Chronik/Wien

Ehemalige Obdachlose: "Für mich war die Gruft eine Familie"

Rosie war schon in der Gruft, als es dort nur Schmalzbrote und Tee gab. 1986 war das – als die Obdachloseneinrichtung der Caritas Wien im Winter aus einer Initiative von Schülern gegründet wurde und diese nur abends zwei Stunden geöffnet hatte. Zwölf Jahre lang war Rosie obdachlos. "Ich habe in Zelten geschlafen, in Abbruchhäusern und auf Toiletten", erzählt die heute 58-Jährige.

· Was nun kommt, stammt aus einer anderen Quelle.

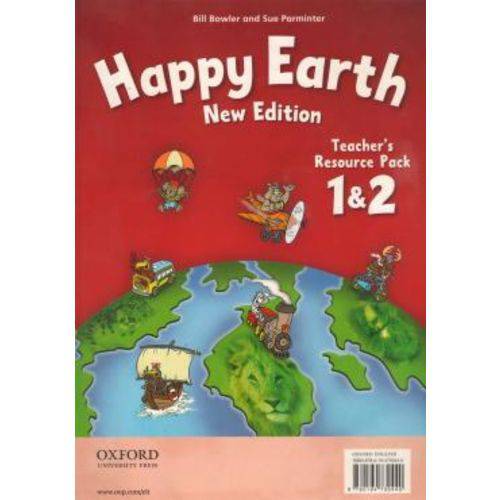 HAPPY EARTH TEACHERS RESOURCE PACK LEVEL 1 e 2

Es begann, als Rosie noch ganz jung war. Ihre Kindheit sei nicht schön gewesen, erzählt sie. Bald wollte sie von zu Hause weg. Sie landete auf der Straße, kam ins Heim, später wegen Handgreiflichkeiten ins Gefängnis. Für obdachlose Frauen gab es damals keine Möglichkeit, Unterschlupf zu finden. Nur in der Gruft kam sie später immer wieder unter. "Für mich war es eine Familie", erzählt Rosie. "Meine Familie."

Trotzdem wollte sie in eine Wohnung ziehen. "Mit 30 wollte ich bodenständig sein", erzählt Rosie. Sie wollte Arbeit und ihre eigenen vier Wände haben. Susanne Peter, leitende Sozialarbeiterin der Gruft, hat ihr geholfen, eine Bleibe zu finden. Rosie suchte sich einen Job – sie arbeite in einer Wäscherei, als Kellnerin und als Klofrau in Schönbrunn und am Karlsplatz. "Die Gruft ist auch ein Ort, an dem Hilfe zur Selbsthilfe möglich ist", sagt Klaus Schwertner, Generalsekretär der Caritas Wien.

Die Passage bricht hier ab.